BEGIN
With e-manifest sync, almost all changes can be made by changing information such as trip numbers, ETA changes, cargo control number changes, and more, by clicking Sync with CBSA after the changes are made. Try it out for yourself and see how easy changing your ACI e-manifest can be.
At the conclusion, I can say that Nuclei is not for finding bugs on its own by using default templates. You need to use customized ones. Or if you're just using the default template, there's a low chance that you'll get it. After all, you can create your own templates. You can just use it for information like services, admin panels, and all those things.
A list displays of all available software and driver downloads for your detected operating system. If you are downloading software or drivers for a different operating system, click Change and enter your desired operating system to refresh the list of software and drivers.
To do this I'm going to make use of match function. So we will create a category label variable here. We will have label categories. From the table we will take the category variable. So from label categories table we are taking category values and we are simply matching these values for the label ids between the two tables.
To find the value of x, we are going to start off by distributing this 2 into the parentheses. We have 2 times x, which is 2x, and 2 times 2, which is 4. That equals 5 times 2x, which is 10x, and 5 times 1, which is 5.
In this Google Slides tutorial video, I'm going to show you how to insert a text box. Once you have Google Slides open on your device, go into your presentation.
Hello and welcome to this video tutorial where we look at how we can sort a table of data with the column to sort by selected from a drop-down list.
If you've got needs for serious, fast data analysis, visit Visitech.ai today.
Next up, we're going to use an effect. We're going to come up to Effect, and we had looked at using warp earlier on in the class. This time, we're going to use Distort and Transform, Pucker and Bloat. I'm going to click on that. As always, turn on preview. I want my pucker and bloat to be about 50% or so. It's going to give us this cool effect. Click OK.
END
▶ _Instructions for the task_: Each line of the listing should be copied exactly.

▶ _Response to the exercise_:
With e-manifest sync, almost all changes can be made by changing information such as trip numbers, ETA changes, cargo control number changes, and more, by clicking Sync with CBSA after the changes are made. Try it out for yourself and see how easy changing your ACI e-manifest can be.
At the conclusion, I can say that Nuclei is not for finding bugs on its own by using default templates. You need to use customized ones. Or if you're just using the default template, there's a low chance that you'll get it. After all, you can create your own templates. You can just use it for information like services, admin panels, and all those things.
A list displays of all available software and driver downloads for your detected operating system. If you are downloading software or drivers for a different operating system, click Change and enter your desired operating system to refresh the list of software and drivers.
To do this I'm going to make use of match function. So we will create a category label variable here. We will have label categories. From the table we will take the category variable. So from label categories table we are taking category values and we are simply matching these values for the label ids between the two tables.
To find the value of x, we are going to start off by distributing this 2 into the parentheses. We have 2 times x, which is 2x, and 2 times 2, which is 4. That equals 5 times 2x, which is 10x, and 5 times 1, which is 5.
In this Google Slides tutorial video, I'm going to show you how to insert a text box. Once you have Google Slides open on your device, go into your presentation.
Hello and welcome to this video tutorial where we look at how we can sort a table of data with the column to sort by selected from a drop-down list.
If you've got needs for serious, fast data analysis, visit Visitech.ai today.
Next up, we're going to use an effect. We're going to come up to Effect, and we had looked at using warp earlier on in the class. This time, we're going to use Distort and Transform, Pucker and Bloat. I'm going to click on that. As always, turn on preview. I want my pucker and bloat to be about 50% or so. It's going to give us this cool effect. Click OK.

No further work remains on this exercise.